Industrial users have largely been able to operate without interruptions in spite of water shortages, according to activists. They say industries often have their own wells with permits from Conagua that sometimes date back decades.
“Industry not being impacted makes me think the availability of underground water isn’t in crisis,” said Antonio Hernández, a local activist.
López Obrador has questioned the precedence given to industry. “[Water] has to be prioritised and it has to be given to the people first, not water for companies,” he said in June.
However, Aldo Iván Ramírez, an engineering professor at Tecnológico de Monterrey who worked on the state government’s recent water plan, said industry consumed less than 5 per cent of water in Nuevo León state, of which Monterrey is the capital.
“The majority of these big industrial companies have their own wells . . . They don’t draw from the municipal network,” he said.
The local industrial chamber Caintra said in a statement that industry had temporarily relinquishing some 25mn cubic metres of water to help the city, while companies drill and improve wells for public use.

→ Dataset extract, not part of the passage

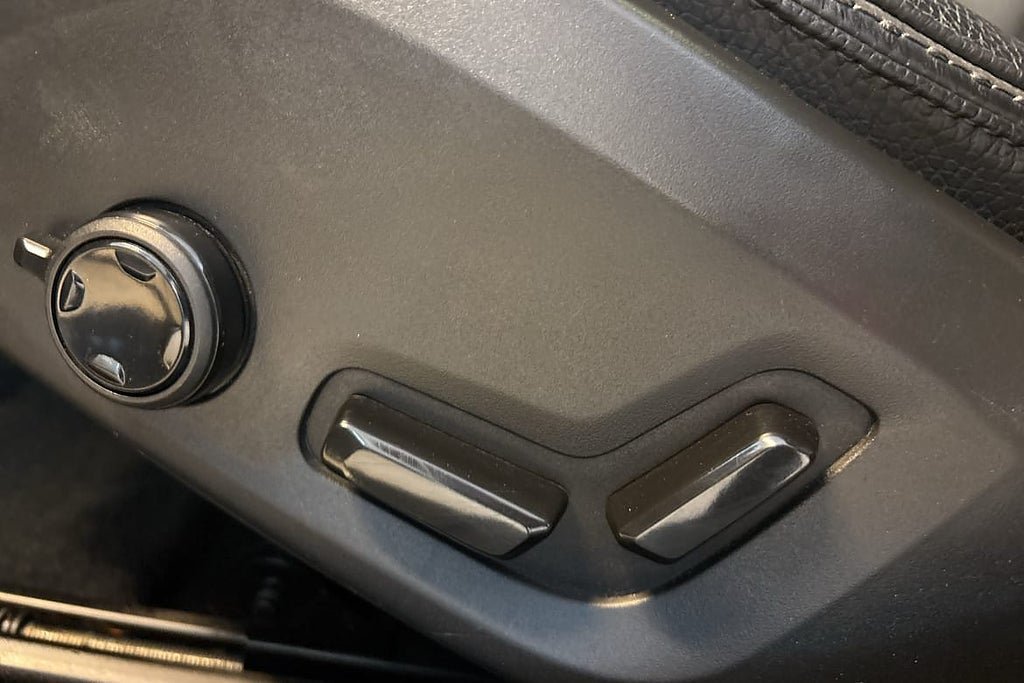 Vehicle Image 17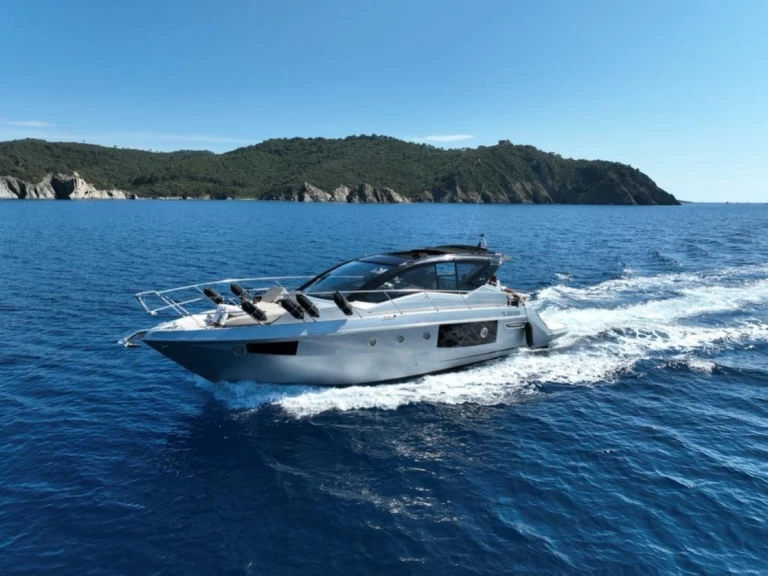 Huur Motorboot met of zonder schipper Cranchi in Saint-Tropez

Despite this, Rodolfo Fernández, an architect and professor living in Monterrey, said tap water only arrived at his home about every third day, and even then for only a few hours.

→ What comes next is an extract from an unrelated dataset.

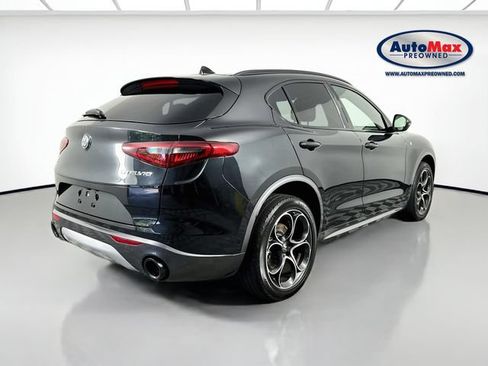 Used 2023 Alfa Romeo Stelvio Ti AWD/4WD image 2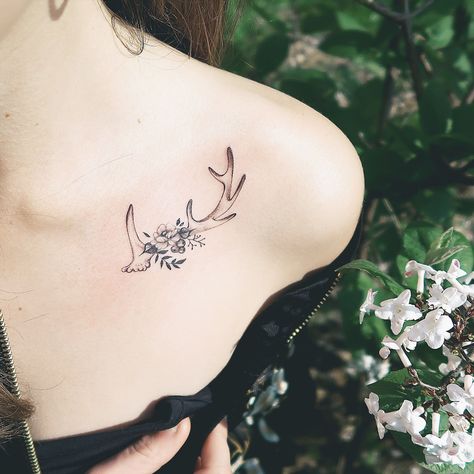 Animal Flower Tattoo Design, Feminine Moose Tattoo, Deer Track Tattoo For Women, Antler Tattoo Collar Bone, Elk Horn Tattoo Women, Moose Horn Tattoo, Small Antler Tattoos For Women, Women Hunting Tattoos, Moose Antler Tattoo With Flowers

Yet he never lacked water for mixing cement at the construction sites for his projects. “The companies supplying us with potable water continue giving use the same service,” Fernández said. “They have ways of getting it.”
López Obrador has directed his ire at brewers before, including in 2020 when he put the construction of a Constellation Brands plant in the border city of Mexicali to a snap vote. Permission to continue building a facility that was already under construction was rejected, although just 4.6 per cent of residents turned out to vote.
Constellation Brands denied that its brewing operations overexploited the country’s scarce water resources. “Andrés Manuel López Obrador and the Mexican government have expressed full support for our existing brewery operating plans in Mexico,” the company said in a statement. Earlier this year it announced plans to build a new brewery near the southeastern city of Veracruz.
Alan Alanis, chief equity strategist for Latin America and Mexico at Banco Santander, said: “We believe policymakers intend to make new water permits harder to obtain, especially those for producing in the north,” although this did “not necessarily mean ceasing or even restricting current production”.
The plan was to “promote investment in other regions in Mexico, like they did with Constellation Brands in Veracruz,” he added.